_THE TASK:_ Nothing outside the range is to be copied. From the entries below, reproduce exactly the lines starting at the one with "L'Oréal Professionnel Serié" and ending at the one with "FoMs for a Formation-flight", without pictures.

_EXERCISE MATERIALS:_

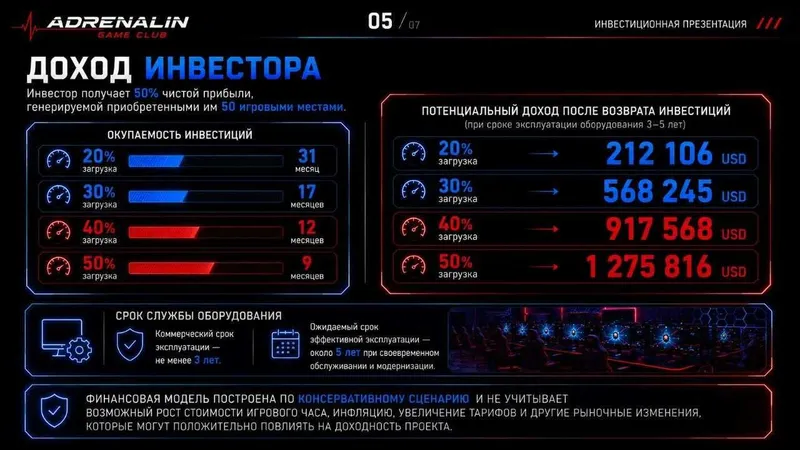 Инвестиции в действующий компьютерный клуб. 5 Инвестиции в действующий компьютерный клуб. 5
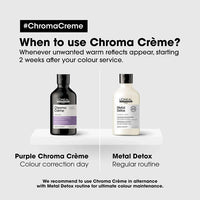 L'Oréal Professionnel Serié Expert Chroma Crème Purple Dyes Shampoo Neutralises Yellow Tones for Highlighted & Blonde Hair 300 ml/10.14 oz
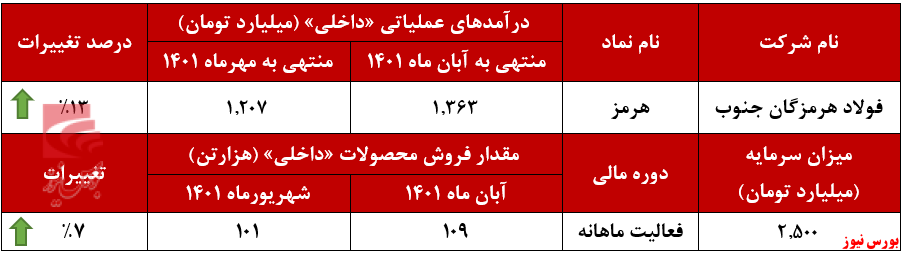 تمرکز تمرکز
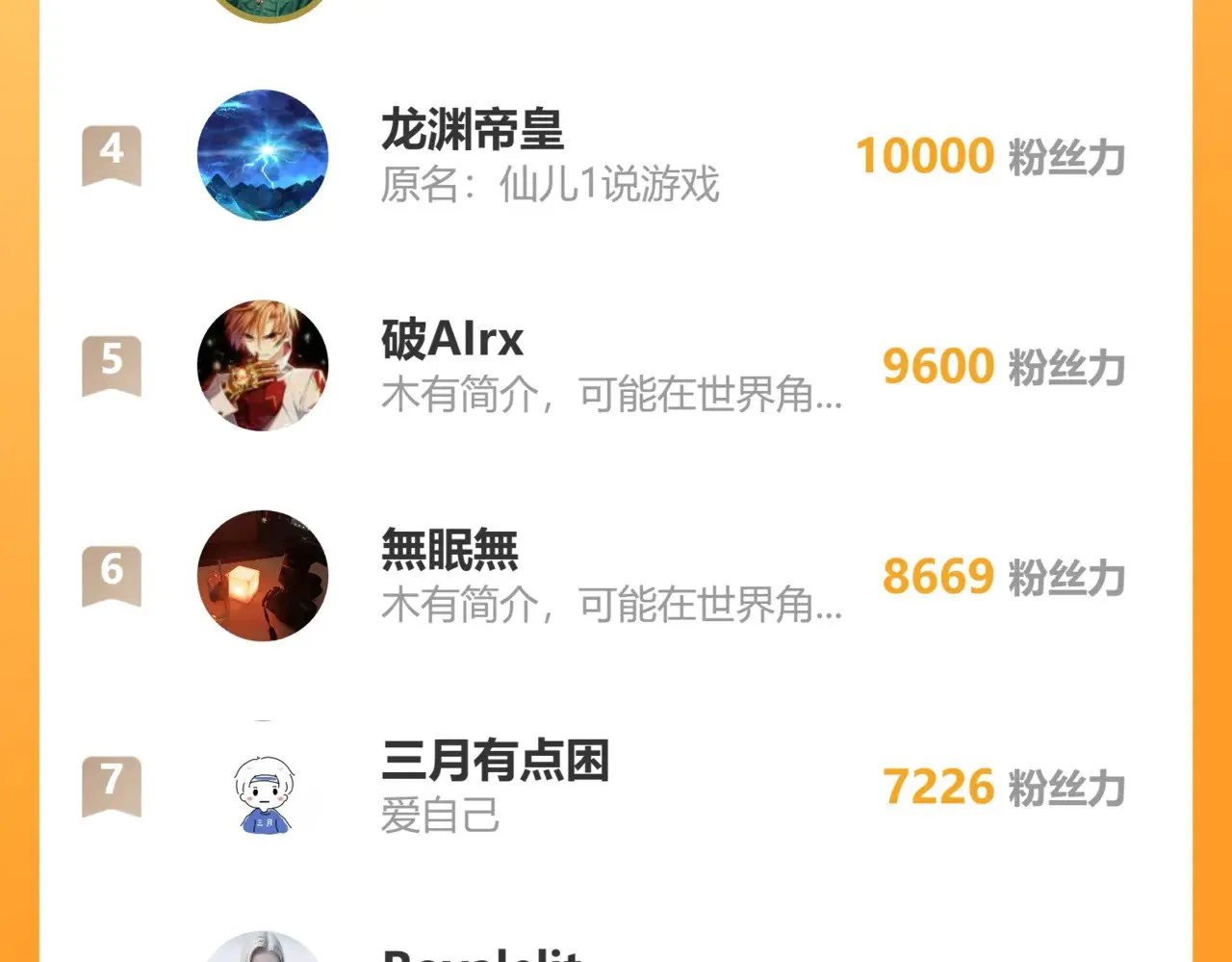 第154话 可以。230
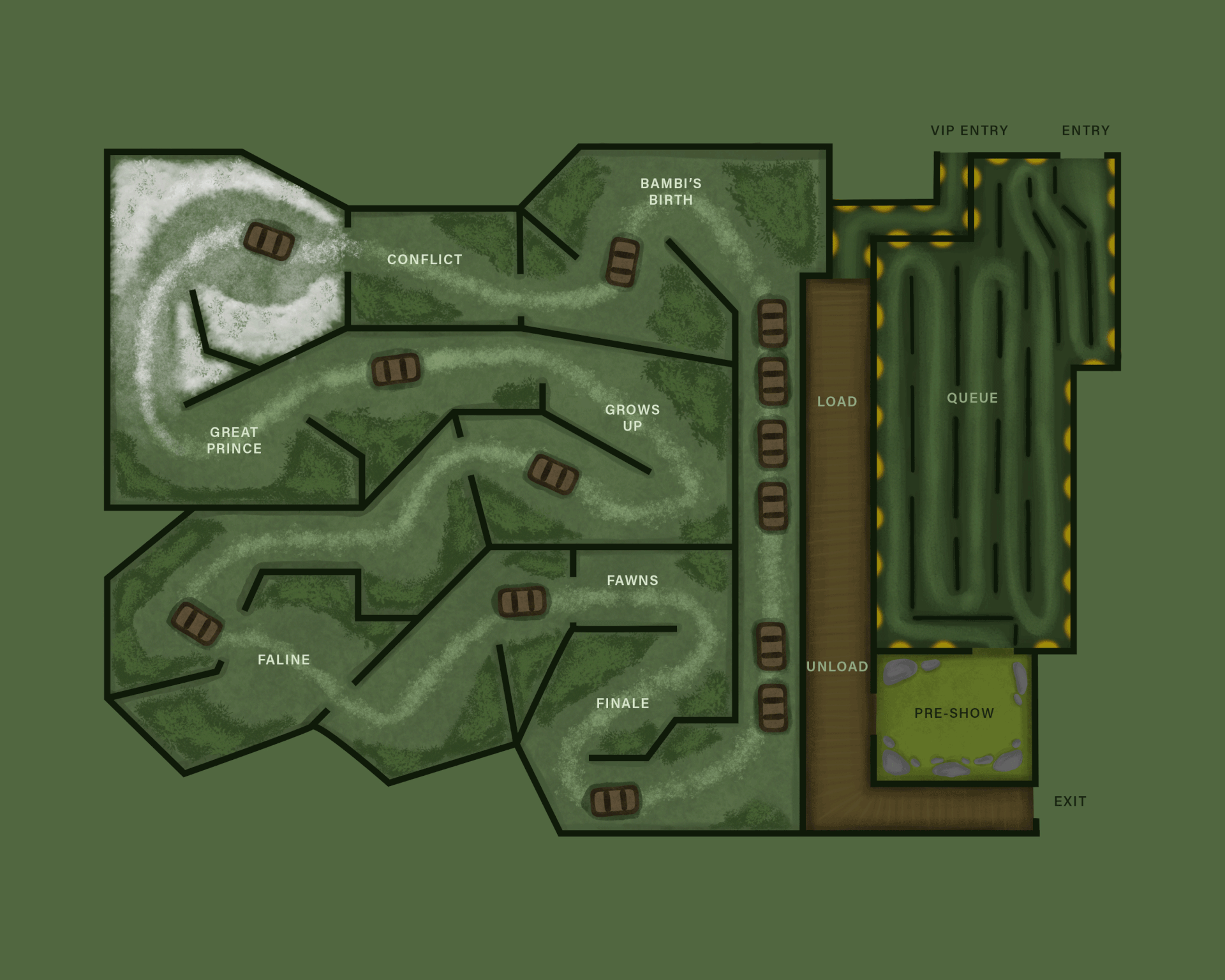 Ride Plan
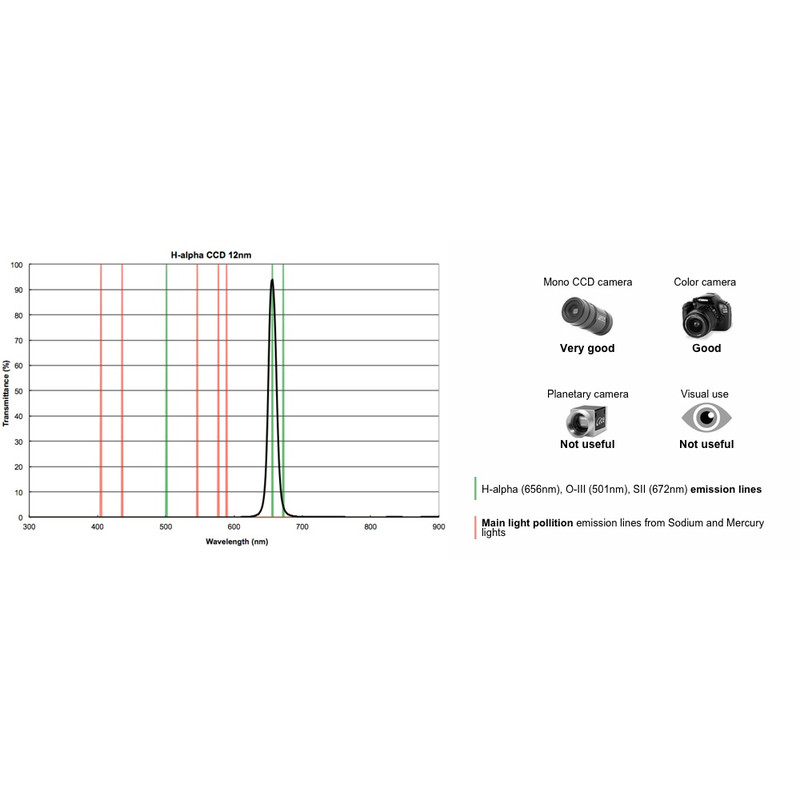 PrimaLuceLab Filtre Filtru H-Alfa CCD 12nm, 1,25"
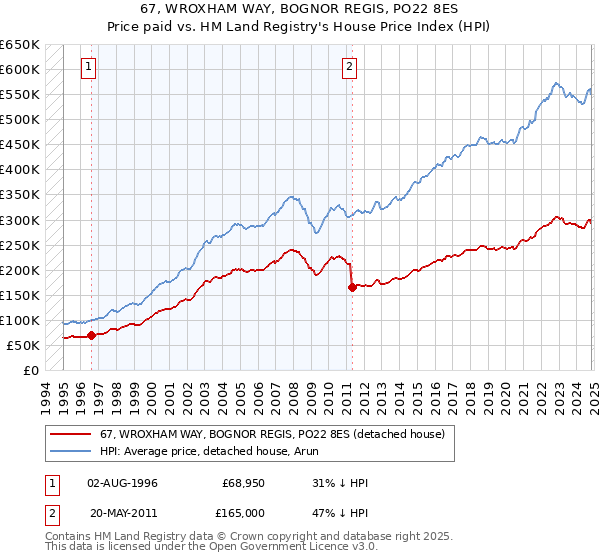 67, WROXHAM WAY, BOGNOR REGIS, PO22 8ES: Price paid vs HM Land Registry's House Price Index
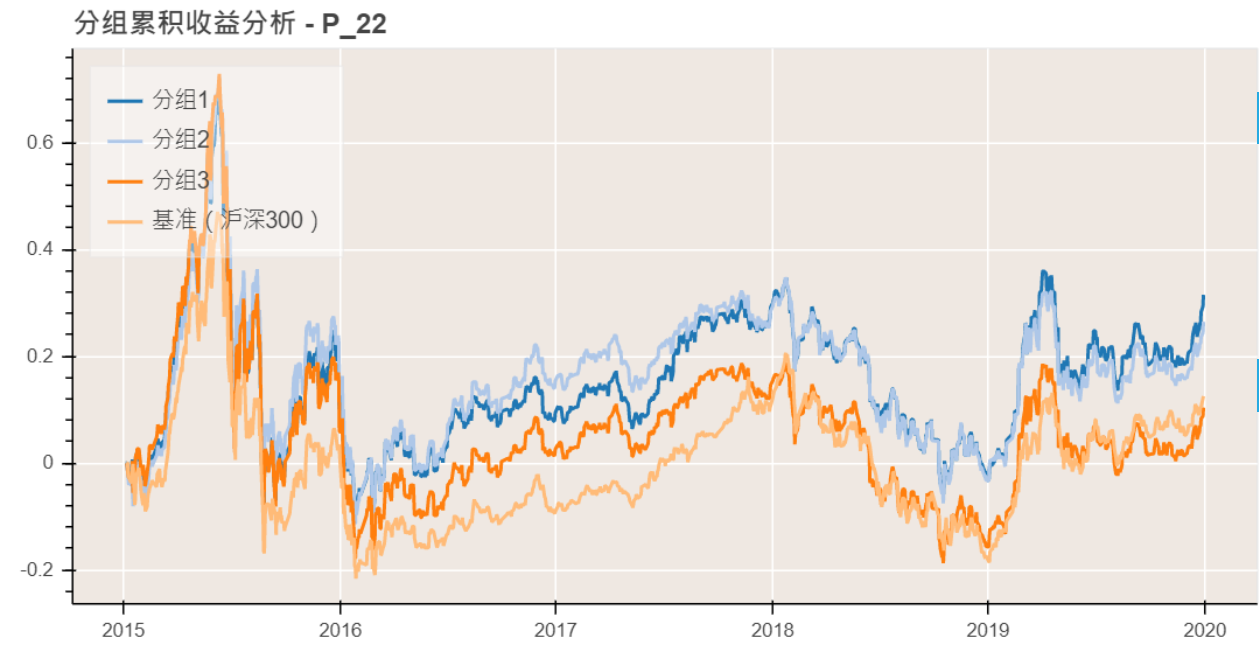 因子分组收益率结果-P-3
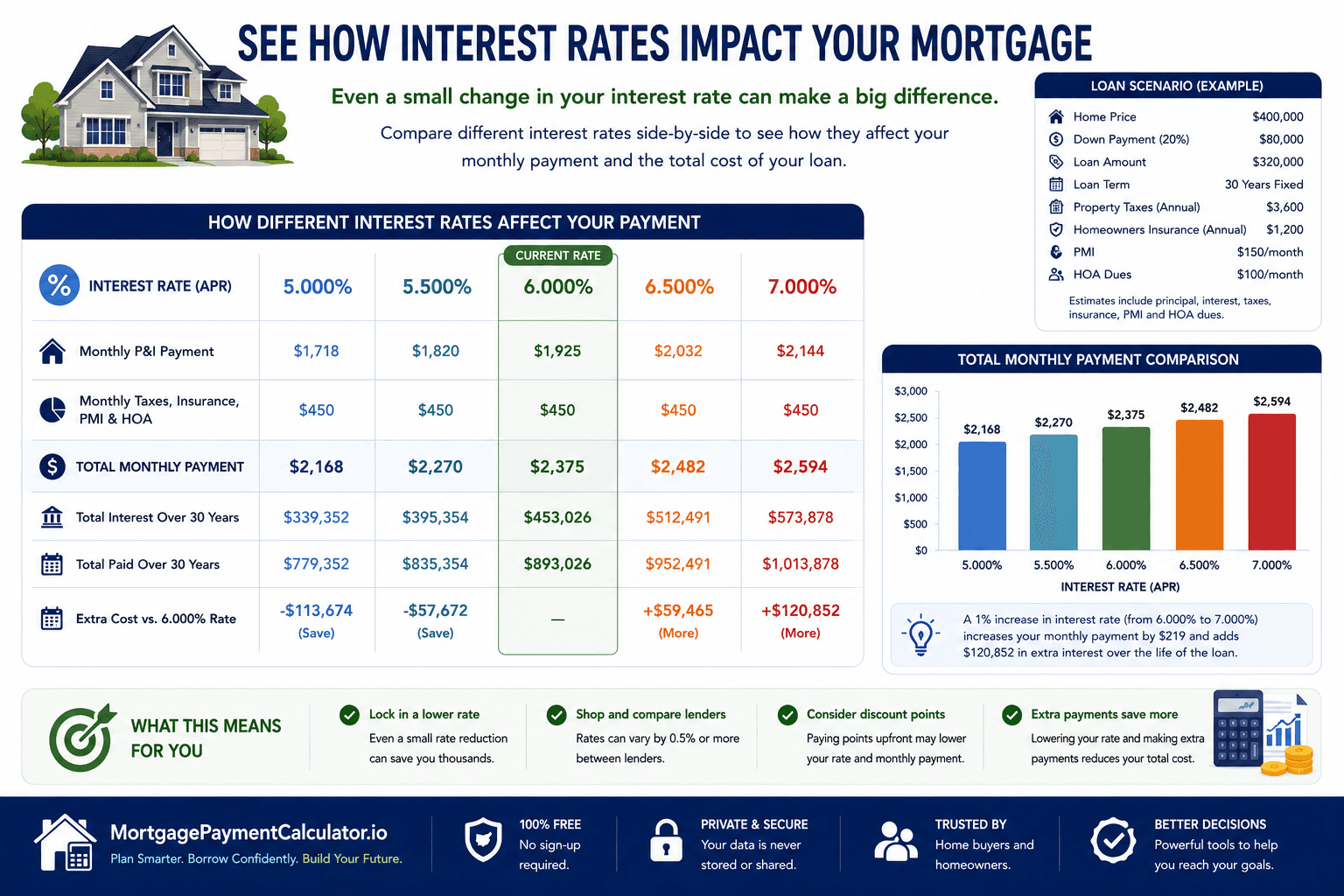 Comparison chart illustrating how different mortgage interest rates affect monthly payments and total interest paid over the life of the loan.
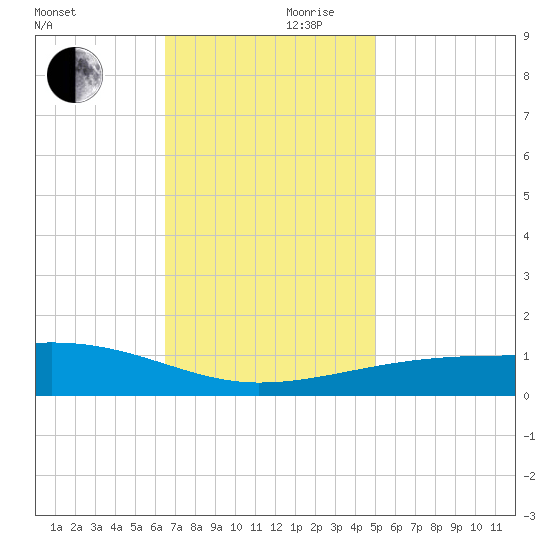 Joseph Bayou tide chart for Friday, November 28, 2025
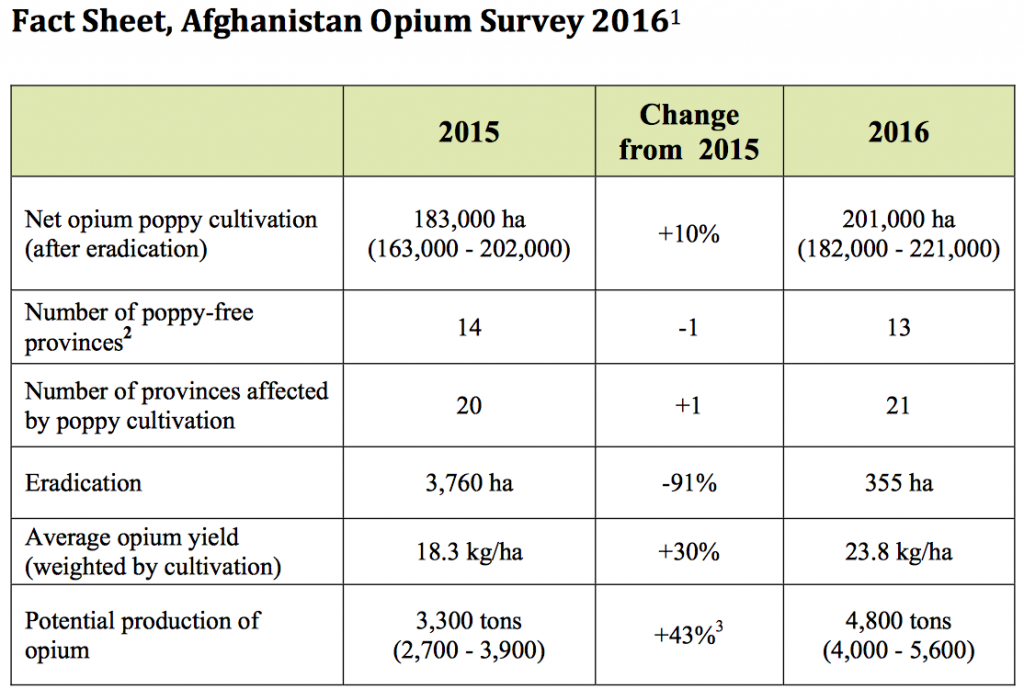 Click to enlarge opium survey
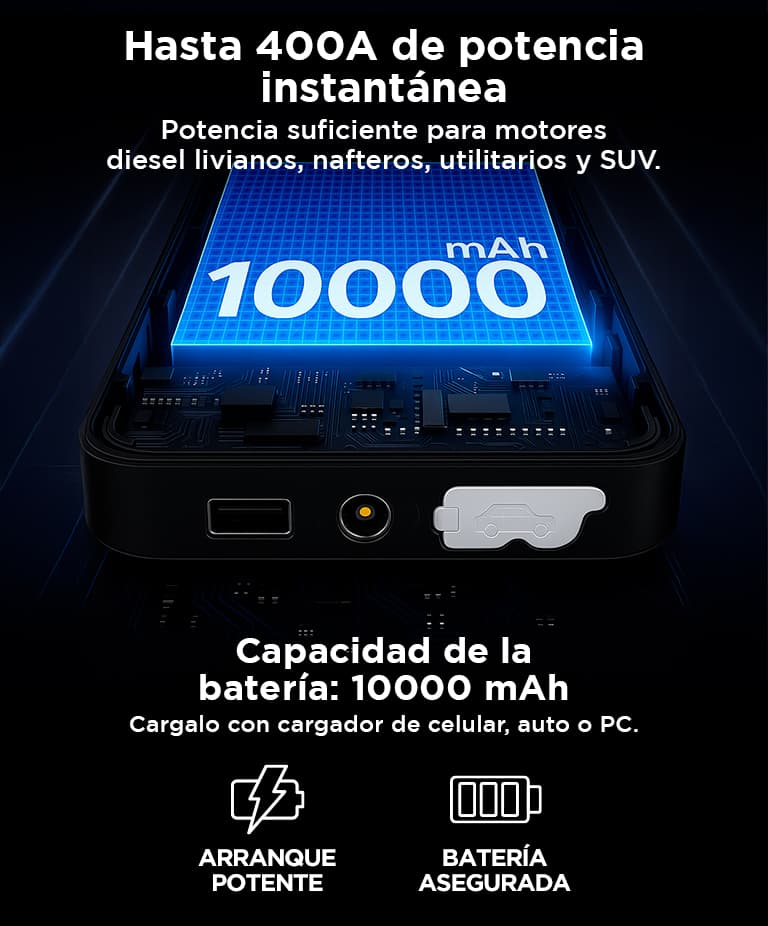 Imagen 5 del producto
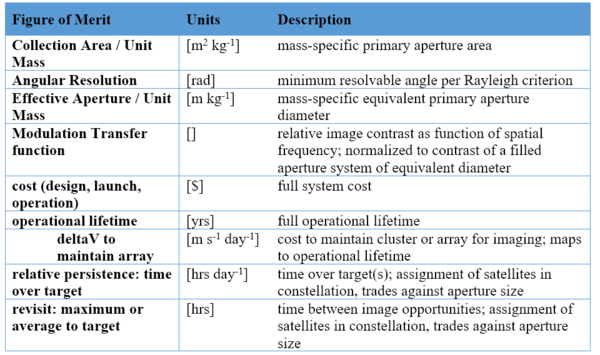 FoMs for a Formation-flight Sparse Aperture Space Telescope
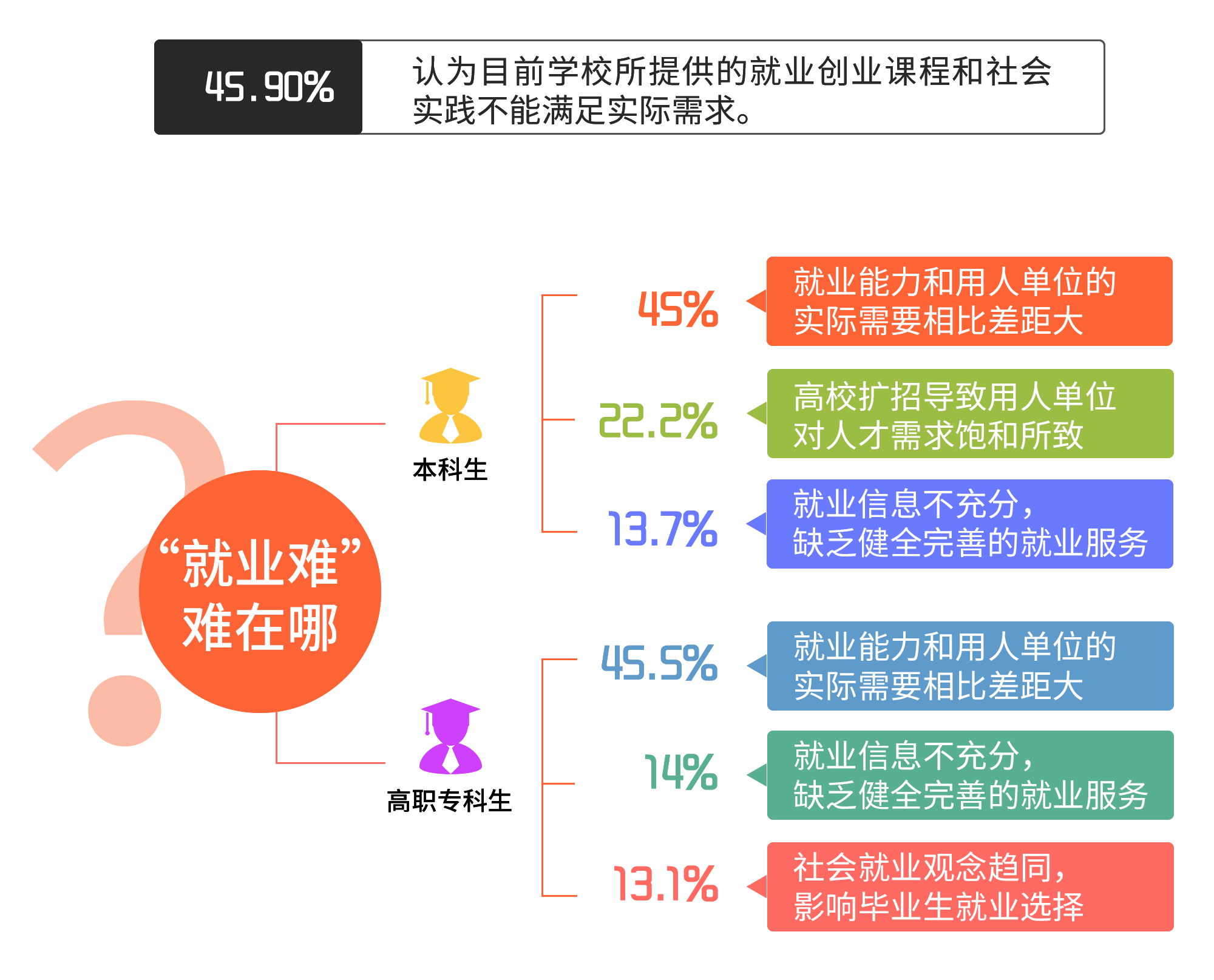 2025届高校毕业生预计规模1222万人 就业创业工作全面启动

_WRITTEN REPLY:_
 L'Oréal Professionnel Serié Expert Chroma Crème Purple Dyes Shampoo Neutralises Yellow Tones for Highlighted & Blonde Hair 300 ml/10.14 oz
 تمرکز تمرکز
 第154话 可以。230
 Ride Plan
 PrimaLuceLab Filtre Filtru H-Alfa CCD 12nm, 1,25"
 67, WROXHAM WAY, BOGNOR REGIS, PO22 8ES: Price paid vs HM Land Registry's House Price Index
 因子分组收益率结果-P-3
 Comparison chart illustrating how different mortgage interest rates affect monthly payments and total interest paid over the life of the loan.
 Joseph Bayou tide chart for Friday, November 28, 2025
 Click to enlarge opium survey
 Imagen 5 del producto
 FoMs for a Formation-flight Sparse Aperture Space Telescope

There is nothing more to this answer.